According to CEPU national secretary Allen Hicks, the Commissioner’s ruling “exposed the Turnbull government, which may have misled senators earlier this year in their attempts to have the building code legislation passed”.

“Clearly, either the ABCC is in breach of the laws governing the building code, which we will be arguing in the federal court, or the employment minister misled the parliament,” said Hicks.

Hicks has also written to SA Power Networks chief executive officer Robert Stobbe, asking the company to support the union’s legal action to overturn the “unfair and illogical decision” and “restore industrial certainty to SA Power Networks and restore rights to [construction and maintenance services division] CaMS workers.”

"The building code was never designed for essential services such as power and telecommunications,” Hicks said.

“We always feared that code was intended to spread outside the building and construction sectors, stripping away fundamental employment protections for workers, imposing unwieldy obligations on employers, and threatening the long-standing industrial harmony that has been achieved sectors such as telecommunications and electricity distribution.”

The ABCC has a history of influencing the course of political events in Australia. Set up by the Howard government in 2005, it was then disbanded by Julia Gillard, only to be given a new lease of life by Malcolm Turnbull.

It also became the trigger for the 2016 ‘double-dissolution’ election which the Coalition only narrowly won.

According to a spokesperson for senator Cash, “This is just another desperate attempt by building unions to undermine the ABCC and the Building Code, which is designed to ensure safe and productive building sites and ensure that taxpayers’ money is not wasted.”

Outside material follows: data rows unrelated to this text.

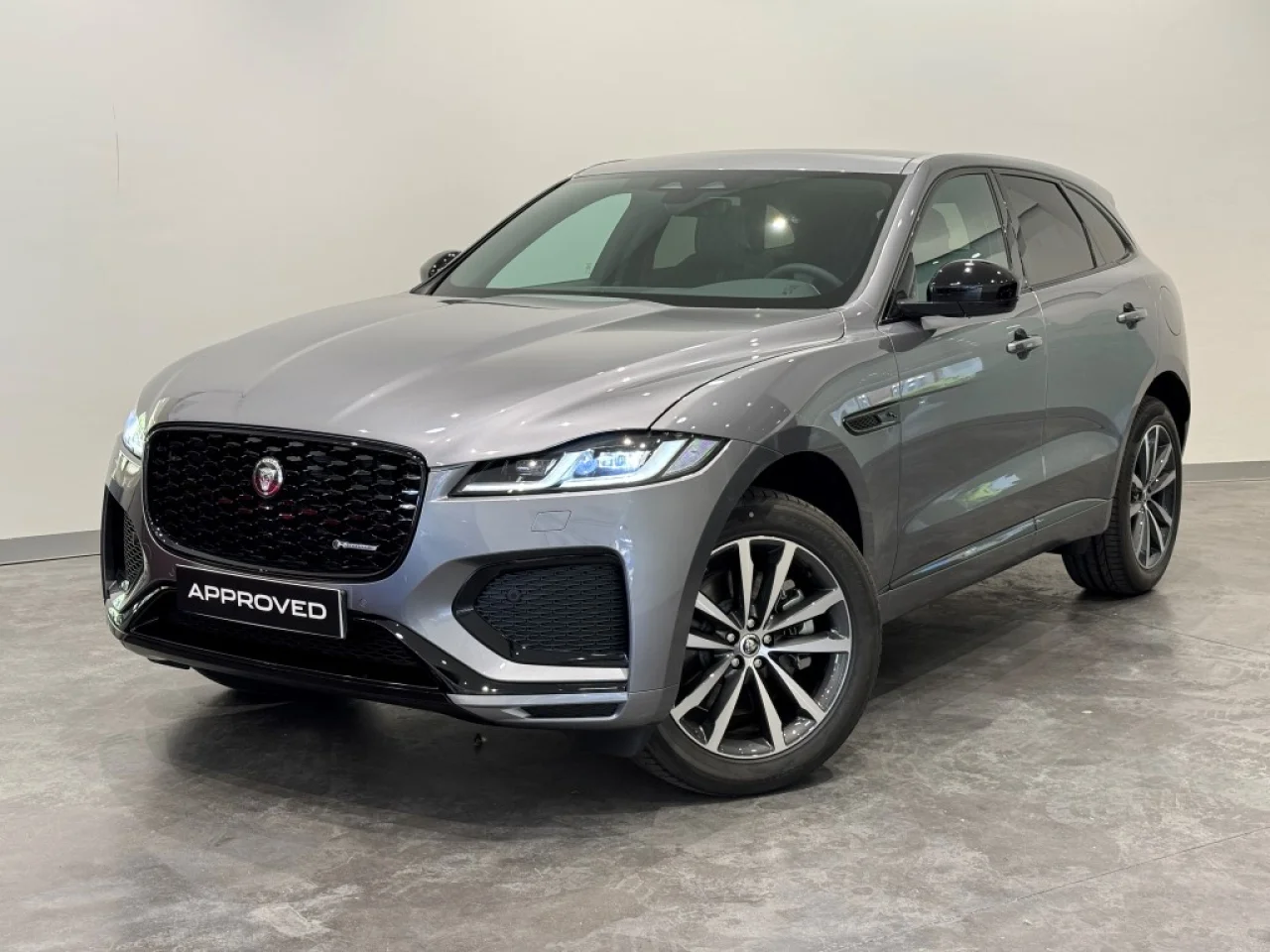 Jaguar F Pace P400e R-Dynamic S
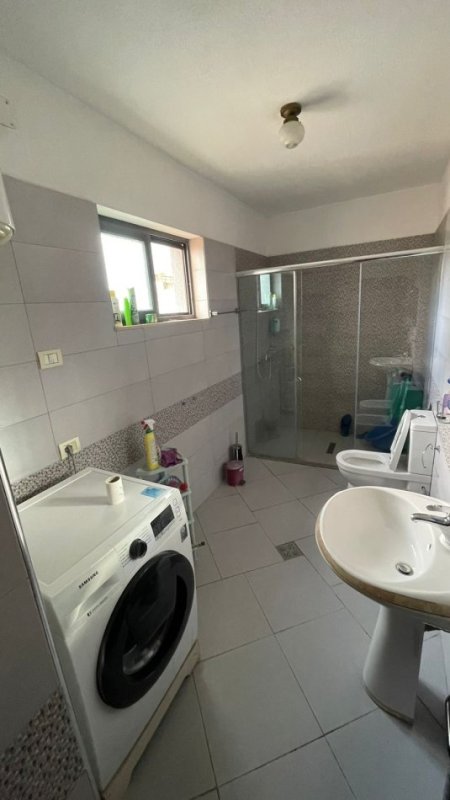 Tirane, jepet me qera shtepi 2+1 Kati 1, 100 m² 300 € (Rruga Coca-Cola)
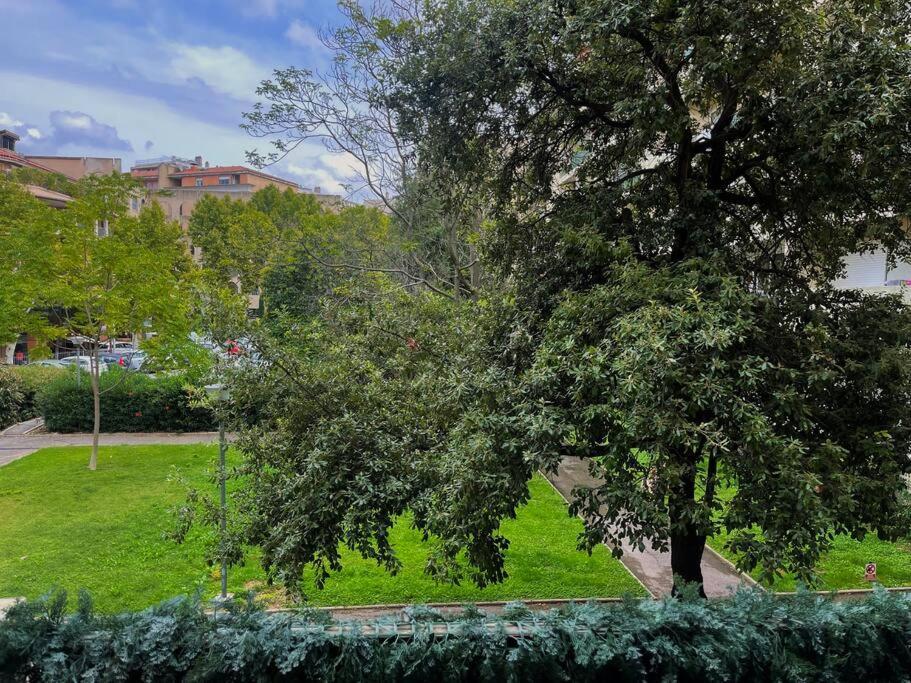 Studio Au Coeur D'Aix Avec Balcon Et Parking Aix-en-Provence Bagian luar foto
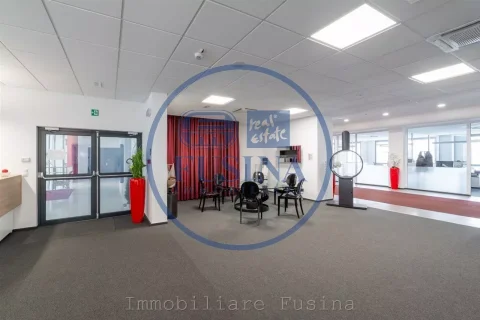 Magazzino---Capannone-in-vendita---Bolzano-9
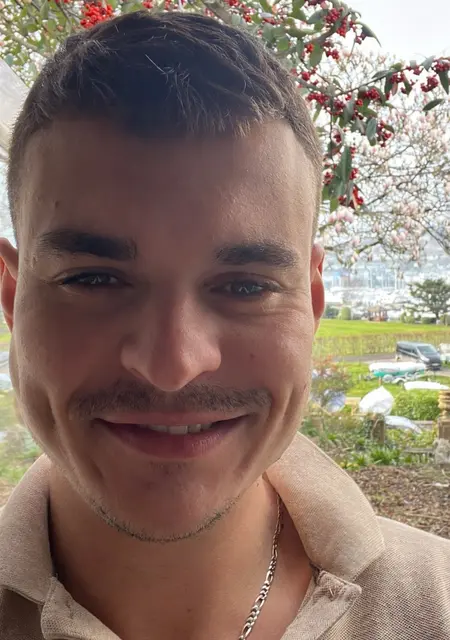 Артур из Риги, ищу на сайте приятное времяпровождение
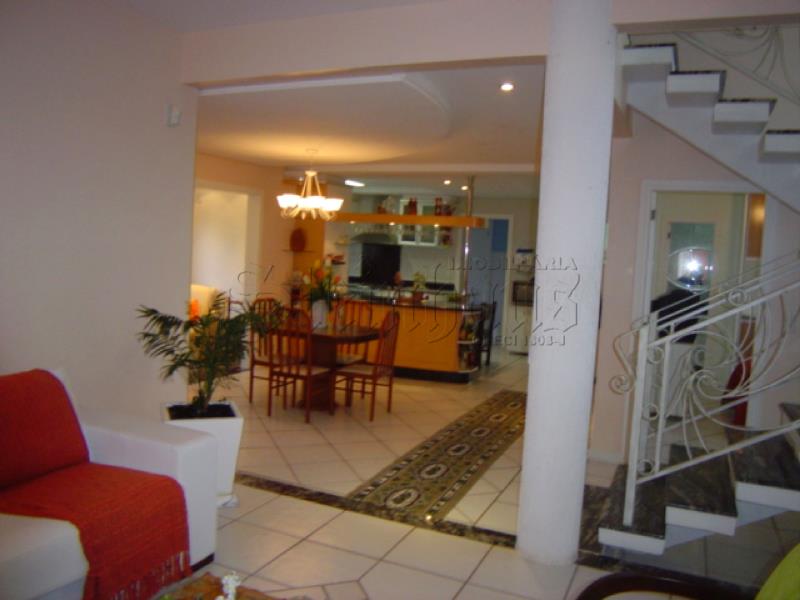 Casa com 5 Quartos para Alugar, 420 m² por R$ 1.800/Dia Jurerê, Florianópolis - SC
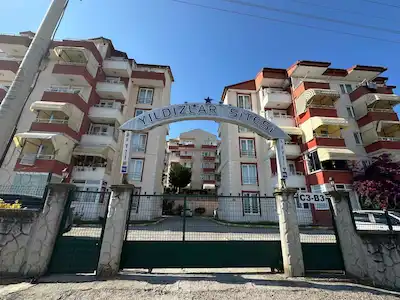 İZMİT GÜNDOĞDU YILDIZLAR SİTESİNDE SATILIK 3+1 BAHÇE DUBLEKS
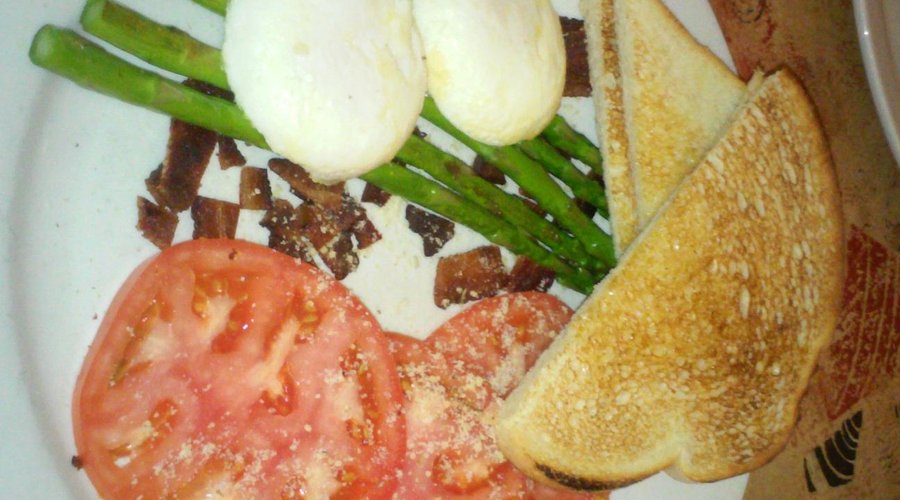 Bailey's Breakfast & Lunch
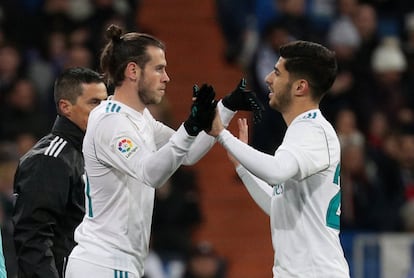 Cambio en el Real Madrid, Gareth Bale sustituye a Marco Asensio.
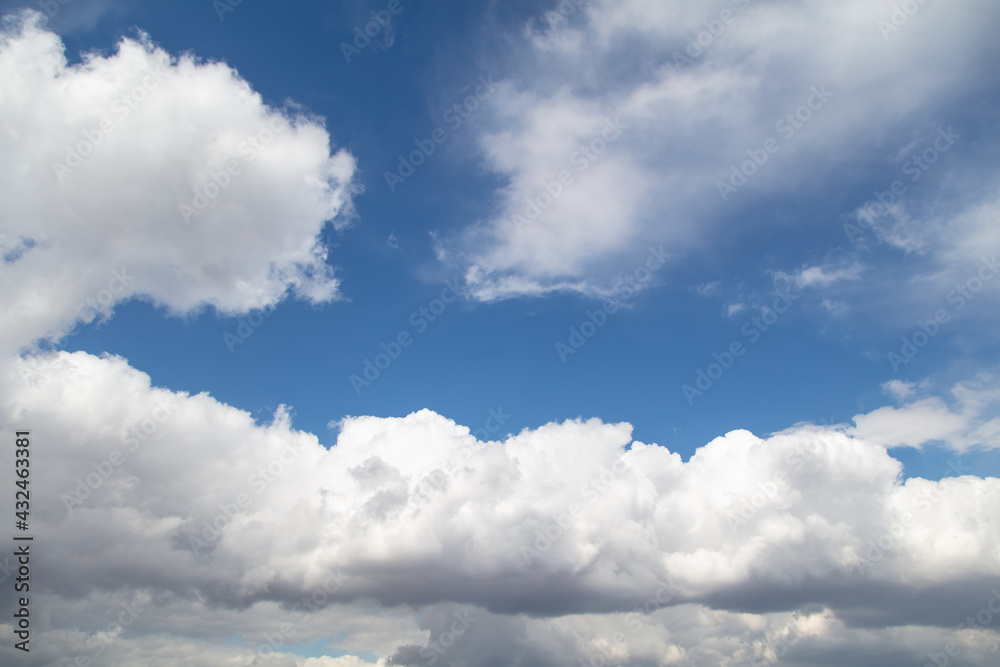 Obraz premium Sky with clouds as background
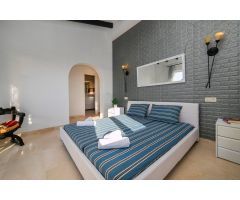 Exquisita Villa de Ensueño en Moraira con Piscina Privada y Terrazas Panorámicas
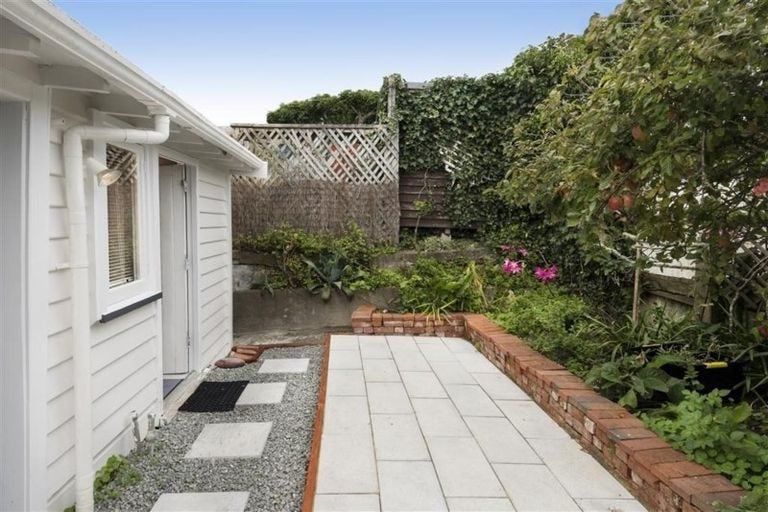 Photo of property in 10 Rimu Road, Kelburn, Wellington, 6012
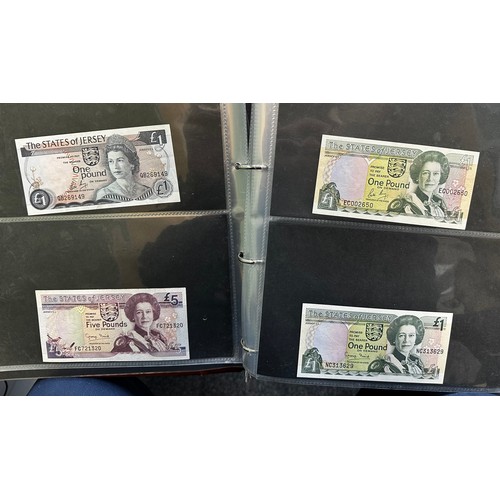 260 - World banknotes (200+), with examples from Australia, Bahamas, Canada, China, Greece, Jersey, Nether... 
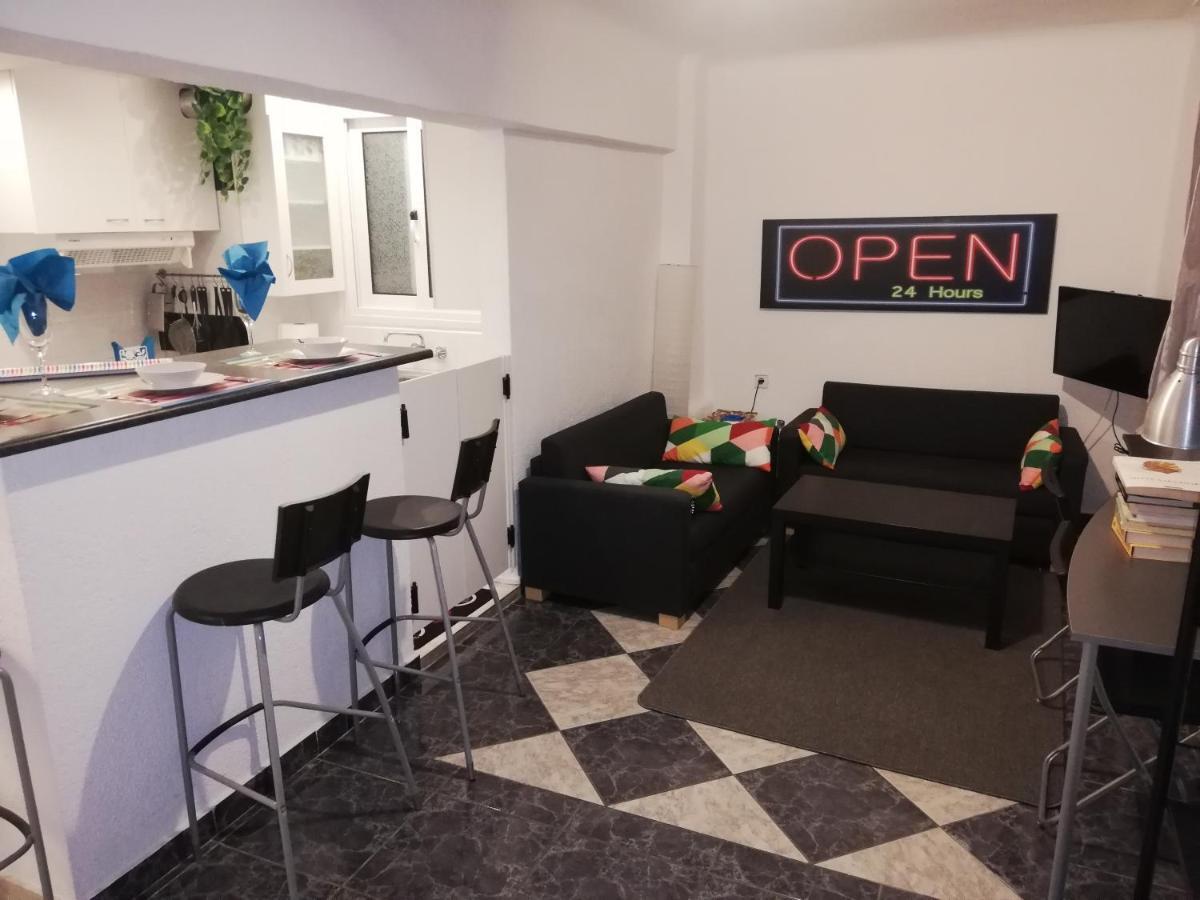 Ellanikou Apartment In Pankrati Vipgreece 雅典 外观 照片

“It is a simple fact that the code actually enshrines workers’ rights and provides important safeguards, including the enforcement of security of payment laws which provides protection to small subcontractors,” said the spokesperson.

While the federal government says the code allows the ABCC commissioner to exempt companies from the code if they provide essential services, such as the provision of electricity, natural gas, water, waste water, or telecommunications, the CEPU’s Hicks claims there seems to be confusion within the ABCC over the actual role and function of telecommunications workers.

“The ABCC appears to have fundamentally misunderstood the role of SA Power Network’s construction and maintenance services division, leading to the preposterous finding that people who roll out and expand telecommunications and electricity services are not performing an essential service,” he says.